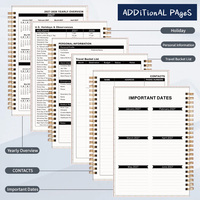 Großhandel Blumenmuster A5 Spiralgebundenes Notizbuch Planer Kalender, für Zuhause Büro Studenten, 95g/m² 71 Blatt 12 Monate, Box, Doppeldrahtbindung Agenda
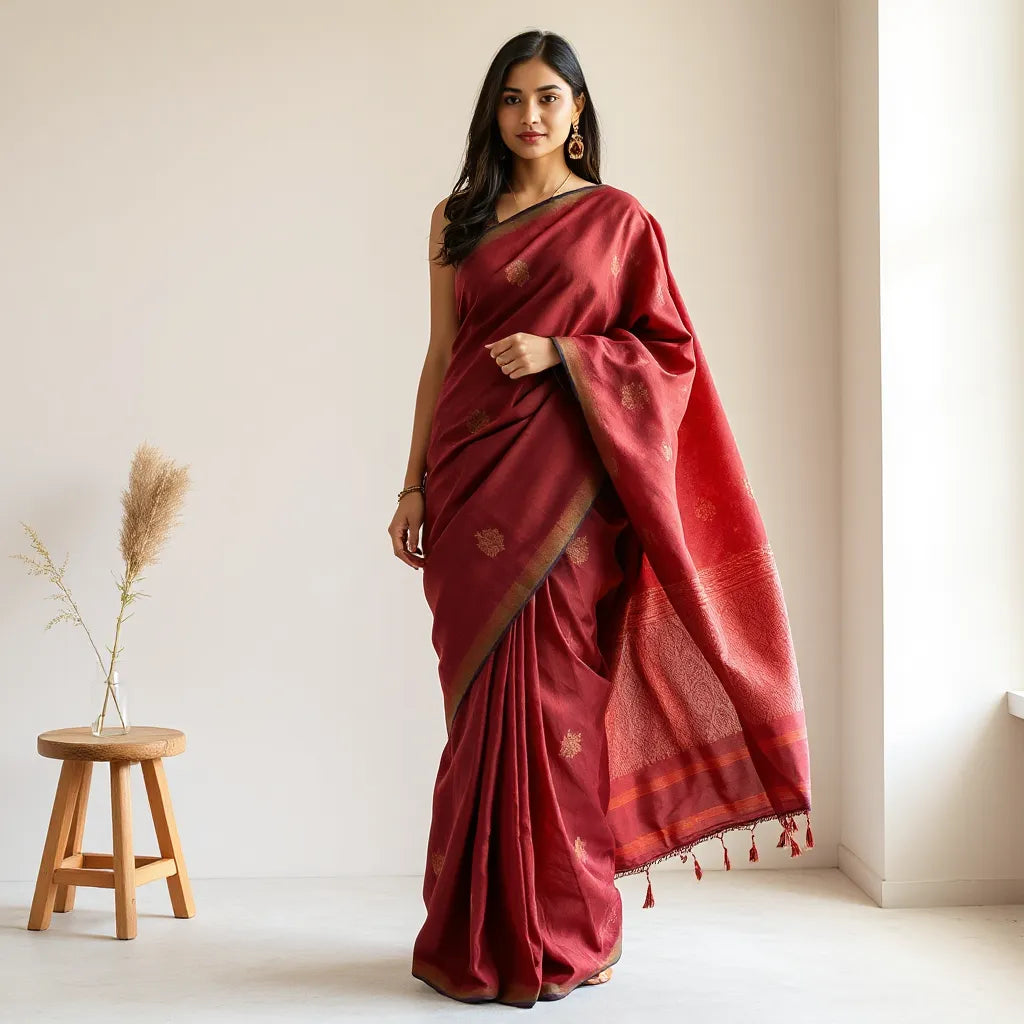 Model wearing a jewel-toned bandhani sari with detailed tie-dye texture and elegant pleated drape
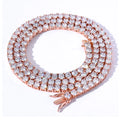 All-Match Gold Plated Tennis Chain Necklace Full Diamond with Cubic Zirconia Geometric Link Chain Hip Hop Style for Gift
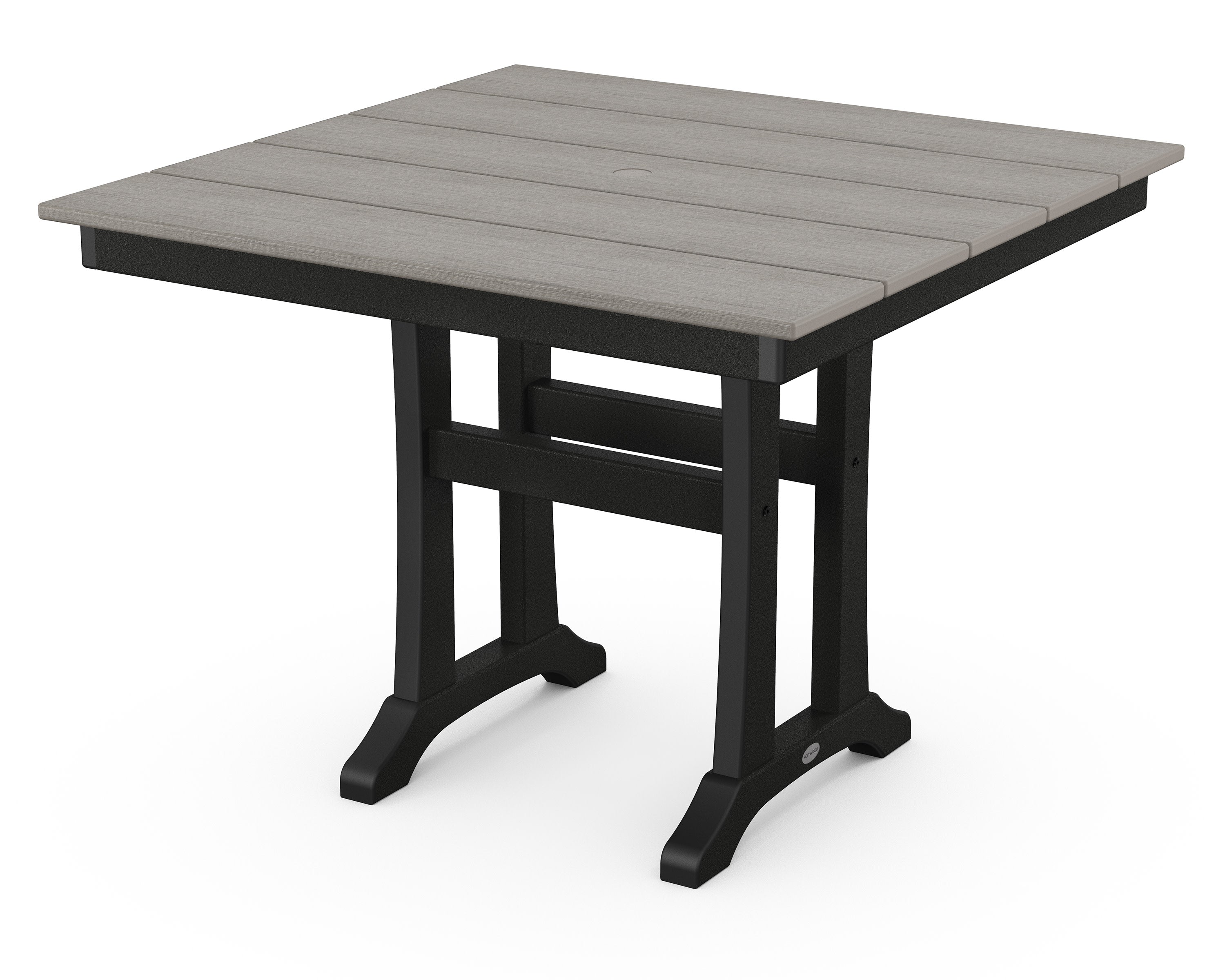 Farmhouse Trestle 37" Dining Table in Black / Driftwood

#### What this task involves
This exercise asks for the data above to be given again exactly, without pictures.

#### Exercise response
 Großhandel Blumenmuster A5 Spiralgebundenes Notizbuch Planer Kalender, für Zuhause Büro Studenten, 95g/m² 71 Blatt 12 Monate, Box, Doppeldrahtbindung Agenda
 Model wearing a jewel-toned bandhani sari with detailed tie-dye texture and elegant pleated drape
 All-Match Gold Plated Tennis Chain Necklace Full Diamond with Cubic Zirconia Geometric Link Chain Hip Hop Style for Gift
 Farmhouse Trestle 37" Dining Table in Black / Driftwood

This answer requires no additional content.